Galileo Galilei first discovered Saturn in 1610. He described its rings as “handles.” Conveniently, Dutch mathematician Christiaan Huygens also reported seeing Saturn, which he once described as having “a thin flat ring which nowhere touches the body.”
Though all gaseous planets have rings, Saturn's are by far the most recognizable. Unlike the other 'gas giants,' Saturn is visible from Earth's surface. This large planet is nine times the size of Earth.
Saturn’s rings consist of ice chunks, countless molecules, rock chunks, and space dust. They are brighter than the rings of other planets because they are tipped toward Earth.
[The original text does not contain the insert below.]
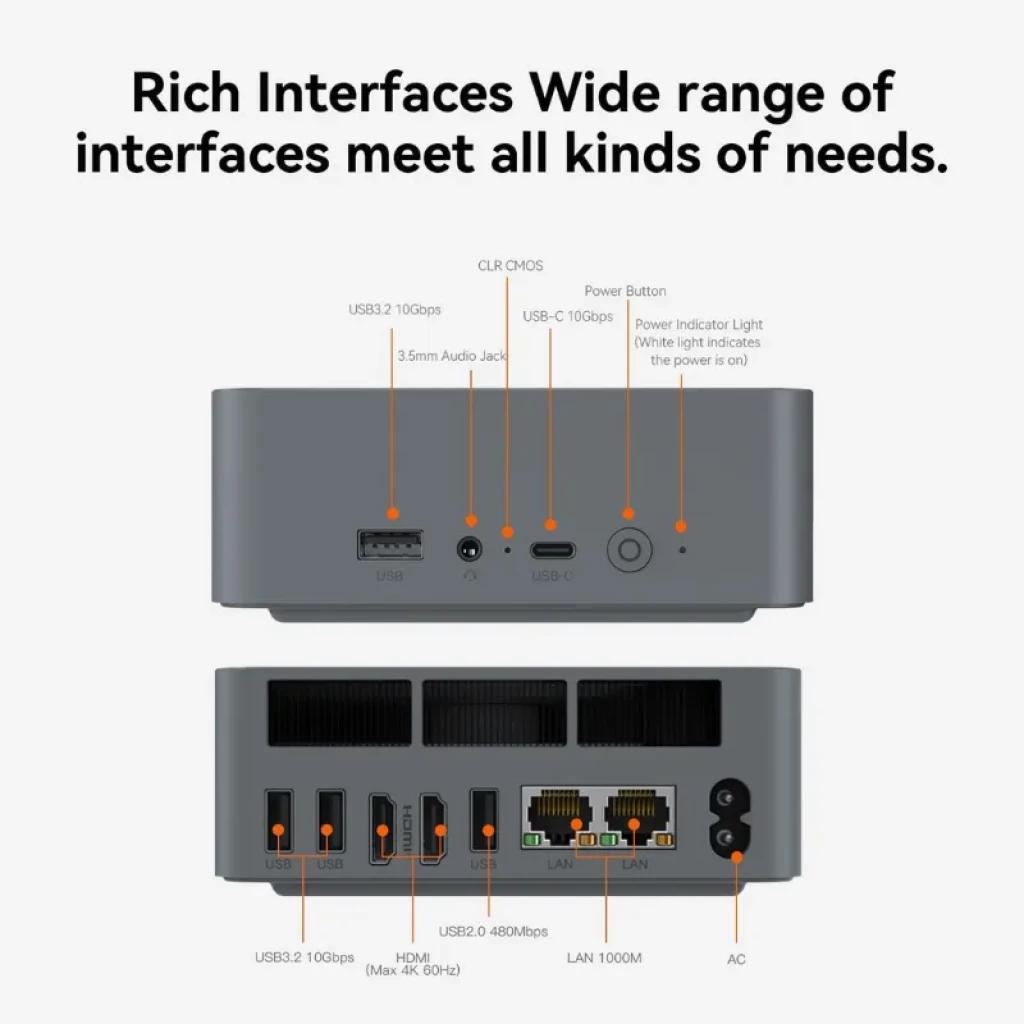 Puertos traseros Beelink EQR7: Doble LAN Gigabit y HDMI 2.0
Saturn is located between Jupiter and Neptune, and the planet's diameter is 120,000 kilometers. It has a density of 0.69 grams cubic altimeters, which is less than water. Saturn’s surface is -178 degrees Celsius and its orbital distance from Earth is 1.3 billion kilometers.
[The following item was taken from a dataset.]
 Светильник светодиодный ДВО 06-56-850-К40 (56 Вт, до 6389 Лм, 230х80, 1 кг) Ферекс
Saturn is made up of three main layers: the outer mantle, core, and inner mantle. Each layer is composed of hydrogen-rich compounds, like ammonia ice, ammonium hydrosulfide ice, and water ice. Saturn's outer layer is composed of hydrogen gas that has been pressured into liquid hydrogen. Its core is made of solid ice and is 11,700 degrees Celcius. Saturn's inner mantle is primarily made of metallic hydrogen, which cannot be found on Earth because it forms in space due to high pressure. To wrap it all up, the outer shell of Saturn is made of a thick layer of ice.
Saturn is an awesome planet for many reasons, especially because of its history and how unique it is in comparison to other planets.